Opposition to the Common Core comes from a variety of different viewpoints, usually in the political extremes.
From the right, grandstanding radio talk show jockeys have made the Common Core a "cause celebre," arguing that it is a de facto mandate from the Obama administration that usurps state and local decision-making and turns education into indoctrination.
From the left, anti-corporate conspiracy theorists argue that the Common Core is a tool of the corporate testing industry that hamstrings teacher and student creativity and autonomy.
Neither of these extremes is accurate.
The Common Core controversy isn't a big topic in Eagle County because our schools are engaged in the real work of teaching to these new, and higher, expectations. Our teachers understand their value and have worked literally thousands of hours in ensuring that our curriculum aligns properly with the standards.
Standards Vs. Curriculum
A key distinction to note is that standards are not the same as a curriculum. The standards are expectations of what students should know at various points of their scholastic career. Curriculum is the planned interaction of students, teachers, lessons, instructional supports and resources, with progress-oriented assessment, which constitutes a system of learning.

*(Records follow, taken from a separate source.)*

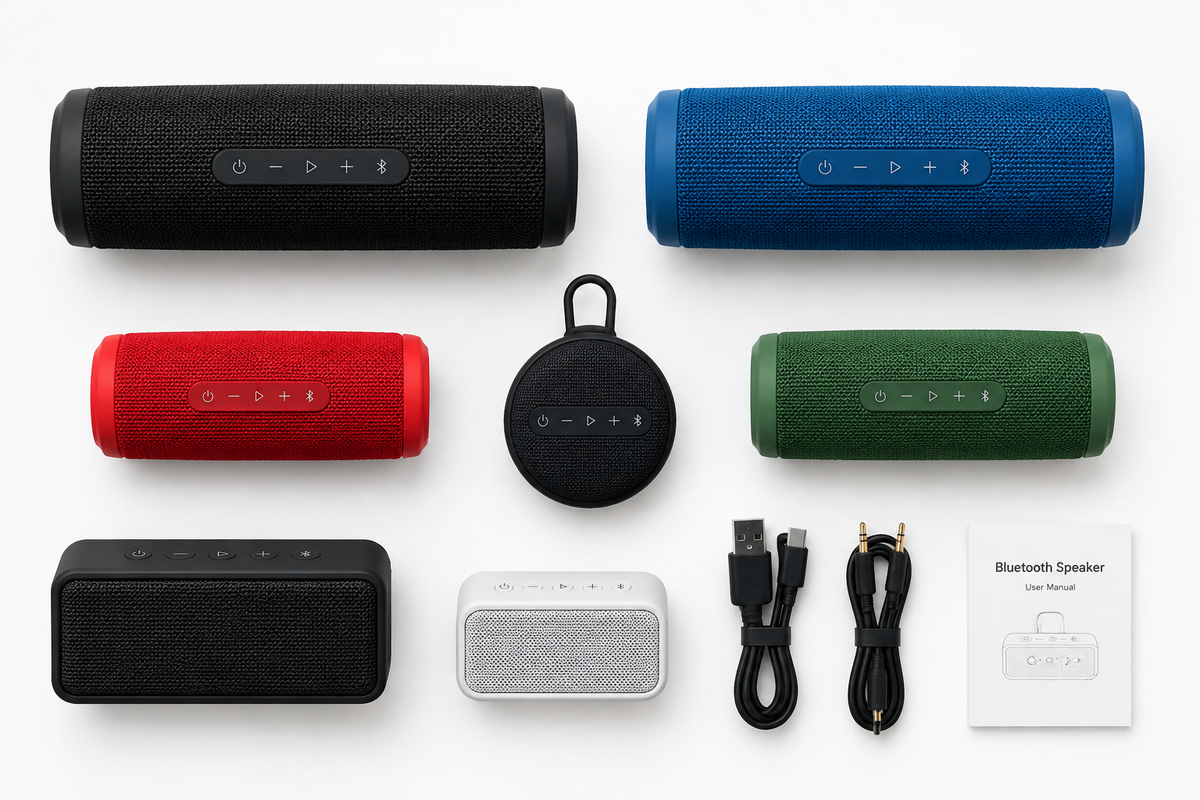 Bluetooth Speakers Collection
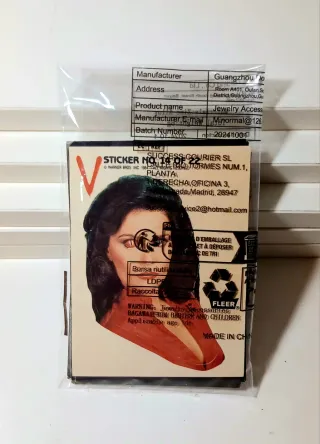 Cromos V Serie TV Fleer 10 +5 E.T.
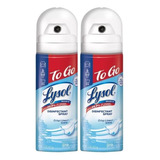 Lysol  Desinfectant Spray 2 Pzas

If we are to be a high-performing education system, then it is important that we have a clear and rigorous set of standards. It is also important that we allow our professional educators the autonomy to adapt lessons and teaching to help students meet these standards.
If we put shrill, ideological histrionics aside, schools in Eagle County are focused on having, as a basis, a clear and well-articulated set of standards that is benchmarked against the highest-performing education systems in the world.

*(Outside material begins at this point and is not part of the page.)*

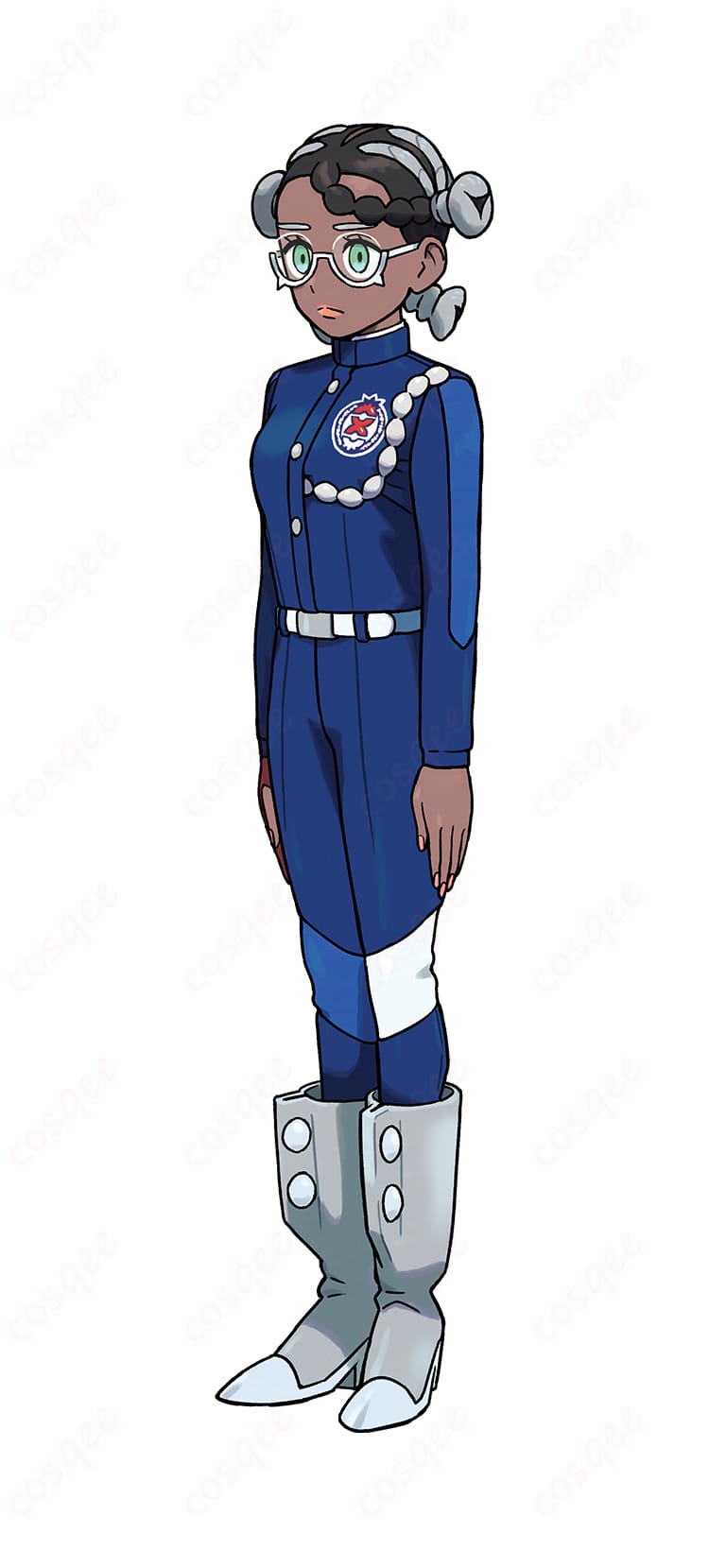 商品キャラクター画像 - ポケモンSV ゼロの秘宝 ネリネ コスプレ衣装のキャラクター再現画像。詳細なデザインでファン必見。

For us, the Colorado's Academic Standards provide a basis of high expectations for every student. From this, we have locally developed curricula that includes the "what" (content being covered) and the "when" (in what order) necessary to meet these expectations.
We intentionally don't prescribe the "how" to teachers. Our teachers are highly educated, experienced and licensed professionals who need and deserve the flexibility and autonomy to adapt instruction to meet the needs of each student. A prescriptive method of telling teachers how to teach marginalizes their value and depresses the results we seek: higher achievement in our students.
There are legitimate questions to ask about how the Common Core standards have been hitched to requirements around federal education grants and flexibility from No Child Left Behind as part of a larger discussion about the general federal overreach into education policy.
There are also good questions to be raised about the testing and punitive accountability measures that are just on the horizon and if more "blame and shame" education policies will really lead us to better outcomes. And we should question those places that seek to put educators into a "teach by numbers" approach in which they follow a strict and step-by-step guide.
All of these areas need to be scrutinized. But let's be clear and separate these potential problems from the standards themselves. The standards represent clear, higher order and internationally benchmarked outcomes our students need to shoot for to be competitive in this global economy.
Radically changing standards at this point, or stripping out the Common Core-aligned literacy and numeracy standards, would be devastating to important curriculum alignment work happening in our schools. Further, it would cause years of personal work from hundreds of our teachers to be tossed out for naught. It would be a disrespectful and colossal waste of our limited energy, time and resources if we were to let this effort become derailed by the politics of ideological extremism.
I urge our state leaders to carefully consider the implications of such a decision. We should guard against any ideologically motivated overreactions to the standards out of respect for the practitioners we have working on their implementation and our main goal of being a globally competitive education system.